Playhouse is also performing its own season this year, which includes Macbeth, A Charlie Brown Christmas, Love Song, Howie the Rookie and Shining City, The Great American Trailer Park Musical and Noises Off.
"This year is kind of weird because both of our seasons were announced, and we're going to fulfill both our seasons, but then going into next year, it will be more clear," Sanders said.
Mindy Barker, in addition to Encore!, also teaches drama and music at Stonebridge Academy in Okmulgee. She got involved in theater in high school at Bishop Kelley when she was asked to play piano for the school's production of The Fantasticks. The director made the pianist a character and gave Barker a role, and, after that, she was hooked. She performed in all of her school's plays after that and then started working with Spotlight.

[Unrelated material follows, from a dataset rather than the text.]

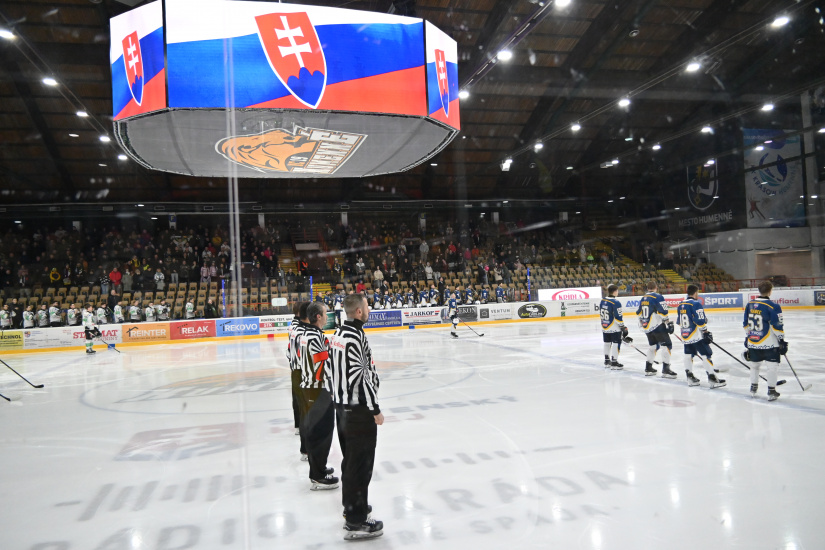 HC 19 Humenné - Detva 6:1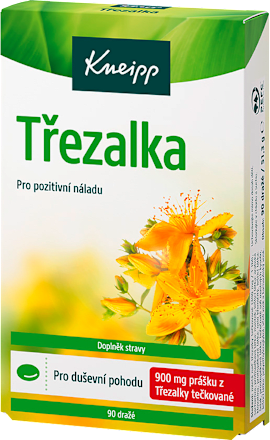 dražé Třezalka tečkovaná Kneipp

"Honestly, I probably would have gotten into theater much earlier if the opportunity had been there when I was younger," Barker said. "My elementary and middle schools didn't offer anything in theater."
Spotlight and Clark Theatre also offer youth classes, and the success and popularity of those combined with the steady demand for more, proved to the Barkers that Encore! could be successful.
"Arts is not taking a priority in the schools anymore," Sanders said. "And it needs to. I think that people who grow up with an appreciation for theater and an appreciation for the arts carry that throughout their lives. I think it's our job, especially as a theater company, to educate the youth in our community, and this is a way for us to be able to do that."
Barker said she's also seen how the acting classes have given students more confidence and made them more outgoing, helping them make friends.
Eventually, Sanders said, Playhouse will offer adult classes as well, and her dream is for the company to, in partnership with a university, offer an MFA in acting.
"There are so many actors in Tulsa," Sanders said. "And I think that you never stop learning. I think, as an actor, when you feel like you've stopped learning is when you should start worrying. You can never get enough training."